GSI-Bench: Exploring Spatial Intelligence from a Generative Perspective

Language: English | 中文见 README_zh.md

🎉 Accepted to CVPR 2026

Official implementation of the paper:

Exploring Spatial Intelligence from a Generative Perspective CVPR 2026 [Paper] [arXiv] [Project Page]

GSI-Bench evaluates the ability of generative models to understand and manipulate 3D spatial relationships in indoor scenes.

Metric	Full Name	What It Measures
IC	Instruction Compliance	Does the output actually perform the requested spatial operation?
SA	Spatial Accuracy	Is the 3D displacement, rotation, or scale close to the ground-truth geometry?
AC	Appearance Consistency	Are object identity, category, and appearance preserved after editing?
EL	Edit Locality	Is the rest of the scene left untouched outside the intended region?

Quick Navigation

If you only want to evaluate your model on GSI-Bench, go directly to Evaluation.

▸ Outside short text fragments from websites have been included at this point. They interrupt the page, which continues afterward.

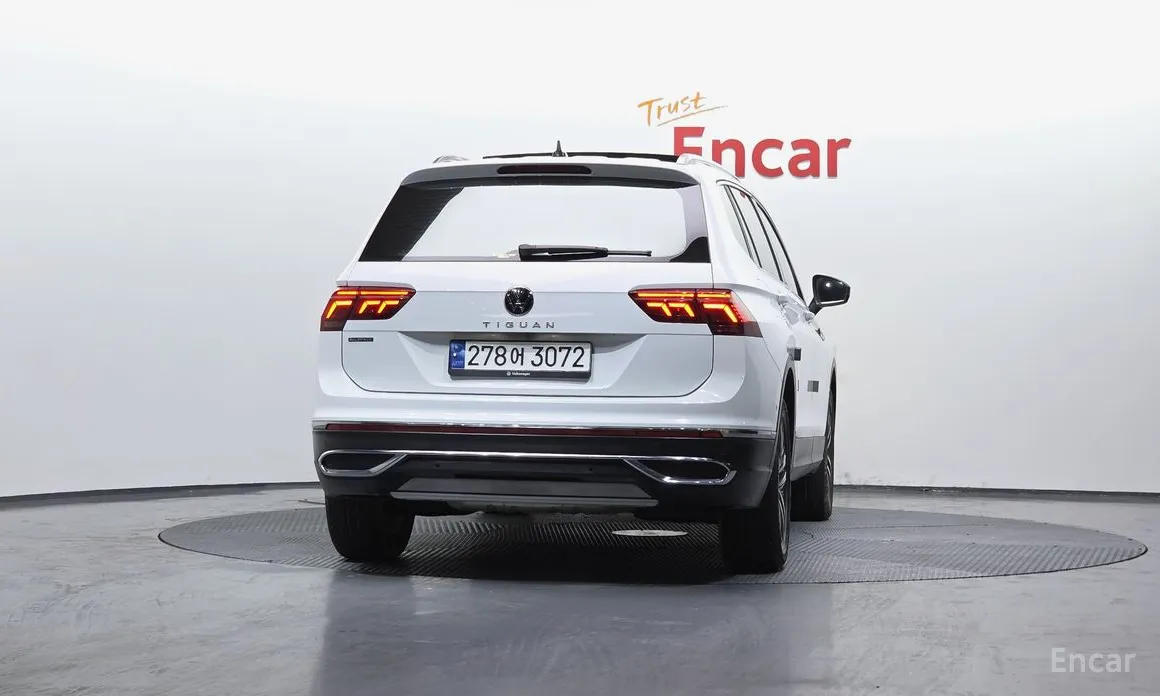 Фото 4 - Volkswagen Tiguan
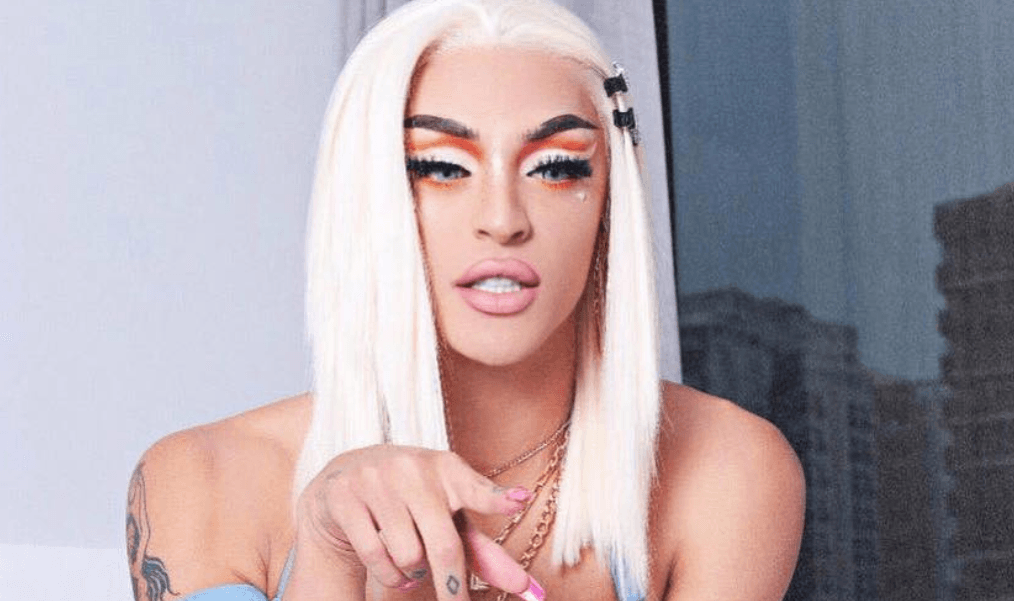 Pabllo Vittar causa ao aparecer de biquíni fio dental e impressiona por detalhe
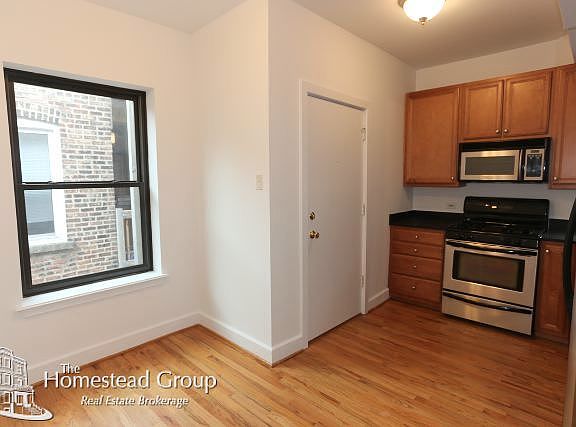 4th image of 925 W Sunnyside Ave #Three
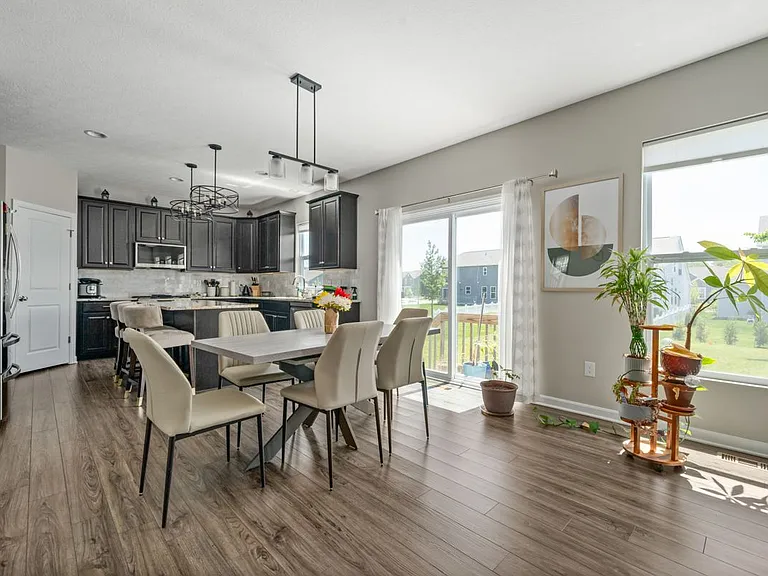 1033 Quarry Oak Dr — Photo 20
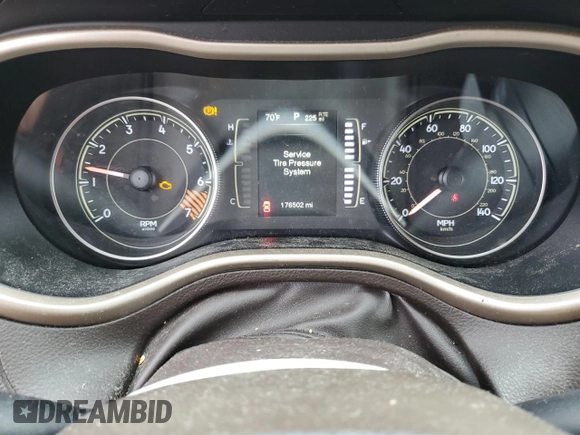2014 Jeep Cherokee Latitude z VIN 1C4PJMCBXEW220587, wystawiony jako Copart lot #54733665 z przebiegiem 176 502 mil mil oraz Szkoda całkowita • Salvage title. Historia ofert i sprzedaży dostępna na DreamBid. Obrazek 9.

Steps 1 and 2 document how we constructed the benchmark data. They are open-sourced for transparency and reproducibility, but are not required for running evaluations.

GSI-Bench/
├── evaluation/     # Evaluation framework (IC / SA / EL / AC)  ← start here
├── robothor/       # [Optional] Data generation pipeline 1: RoboTHOR indoor scenes
├── mesatask/       # [Optional] Data generation pipeline 2: MesaTask tabletop scenes
├── paper/          # Paper PDF
└── tests/          # Unit & integration tests

Evaluation

What you can reproduce:

Goal	Needs	Doc
Run IC/SA/EL/AC on your edited images	Eval datasets + weights + `eval/<model>/` layout	This section
Reproduce paper BAGEL × fine scores	Download `bagel_example/` (~265MB, not in Git)	`REPRODUCE_BAGEL_RESULTS.en.md`
Regenerate BAGEL images	External BAGEL repo (not full stack here)	Same doc, Section 8

1. Environment Setup

conda create -n gsi-eval python=3.10 -y
conda activate gsi-eval

cd evaluation

# Install PyTorch matching your CUDA version (example: CUDA 11.8)
pip install torch torchvision --index-url https://download.pytorch.org/whl/cu118

# Install mmcv with C++ ops
pip install -U openmim && mim install mmcv

# Install remaining dependencies
pip install -r requirements.txt

# Optional: build GroundingDINO for text-prompt detection
pip install -e ./src/groundingdino --no-build-isolation

2. Download Model Weights

Install the Hugging Face CLI first if needed:

pip install -U huggingface_hub

Weight	Size	Source
`other_exp_ckpt.pth` (DetAny3D)	~500MB	OpenDriveLab/DetAny3D
`sam_vit_h_4b8939.pth` (SAM ViT-H)	~2.4GB	Meta AI
`dinov2_vitl14_pretrain.pth` (DINOv2)	~1.1GB	Meta AI
`groundingdino_swinb_cogcoor.pth` (optional)	~690MB	IDEA-Research
`step_10000_nocfg/ema.safetensors` (BAGEL fine-tune, optional generation checkpoint)	~28GB	GSI-Bench/bagel_finetune_step_10000_nocfg

After the checkpoint file is present in the model repo, download it with:

hf download GSI-Bench/bagel_finetune_step_10000_nocfg \
  step_10000_nocfg/ema.safetensors \
  --local-dir bagel_finetune_step_10000_nocfg

Place all weights in one directory, then run:

bash prepare_weights.sh <path_to_weight_directory>
# Creates symlinks under checkpoints/ and GroundingDINO/weights/

3. Download Evaluation Datasets

Download the four GSI-Bench evaluation dataset archives from Hugging Face:

hf download GSI-Bench/GSI-Bench \
  fine_dataset.zip mesatask_dataset.zip bathroom_dataset.zip robothor_dataset.zip \
  --repo-type dataset --local-dir GSI-Bench

Then prepare the dataset links:

cd evaluation
bash prepare_datasets.sh ../GSI-Bench
# Creates symlinks: fine_dataset/  mesatask_dataset/  bathroom_dataset/  robothor_dataset/

The dataset page also includes a small preview split for the Hugging Face Dataset Viewer: https://huggingface.co/datasets/GSI-Bench/GSI-Bench.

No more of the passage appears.